All’epoca di Gesù non tutti gli ebrei credevano che nell’aldilà ci fosse una vita degna di questo nome. Continuava ad avere un certo seguito l’idea che con la morte tutti – buoni e cattivi – finissero nello sheol, una sorta di regno dei morti in cui le persone si riducevano ad essere delle ombre di se stesse, figure evanescenti senza più speranza. Nell’episodio del vangelo di questa domenica Gesù rivela un’altra prospettiva sulla morte: essa è un passaggio verso la redenzione del nostro corpo, cioè della vita come l’abbiamo vissuta qui sulla terra. La nostra esistenza non sta correndo verso il nulla, non è destinata ad essere inghiottita dalle tenebre della morte. C’è una vita oltre la vita. Gesù la chiama risurrezione.
Ciò che risorgerà non è semplicemente “la nostra anima”. Gesù parla di resurrezione del corpo: risorgeremo proprio noi. Siamo infatti persone che hanno una storia, fatta di gioie, di sofferenze, di rapporti umani che fanno parte di noi; una storia fatta di speranze, attese, cadute, fallimenti, impegno per costruire qualcosa di bello… risurrezione vuol dire che tutto questo non va a finire nel nulla, ma Dio gli conferisce un valore eterno.

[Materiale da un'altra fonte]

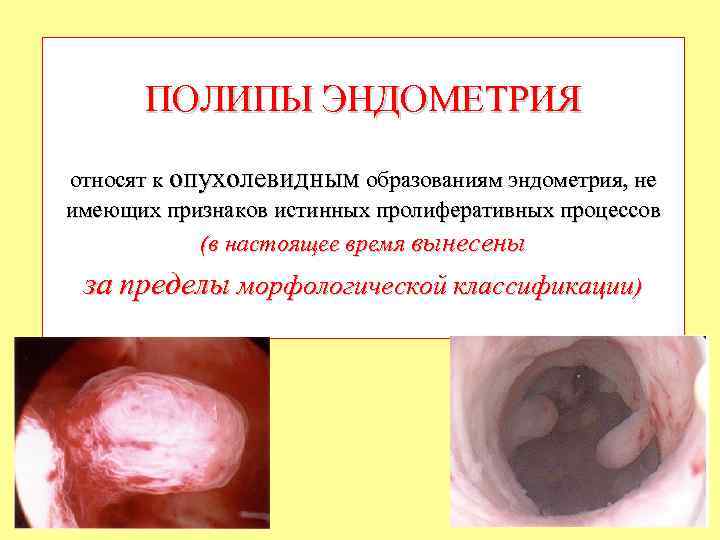 ПОЛИПЫ ЭНДОМЕТРИЯ относят к опухолевидным образованиям эндометрия, не имеющих признаков истинных пролиферативных процессов (в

Come questo avverrà rimane un grande mistero, e non ha senso farsi prendere dall’ansia di dare risposte a questioni che riguardano il come e il quando della risurrezione. Rimane però questa parola di Gesù che deve diventare la roccia su cui poter costruire. Il Signore prende spunto dall’obiezione dei sadducei (la storiella della donna che va in sposa a sette mariti diversi perché le muoiono uno dopo l’altro) per insegnare che la nostra vita non è in balia di quella grande forza distruttrice che si chiama morte, destinata a spazzare via noi e tutti quelli che amiamo. C’è qualcuno che è più grande della morte. Lui non permetterà che la morte sia l’ultima parola su di noi, su coloro che amiamo, su ogni uomo che viene in questo mondo.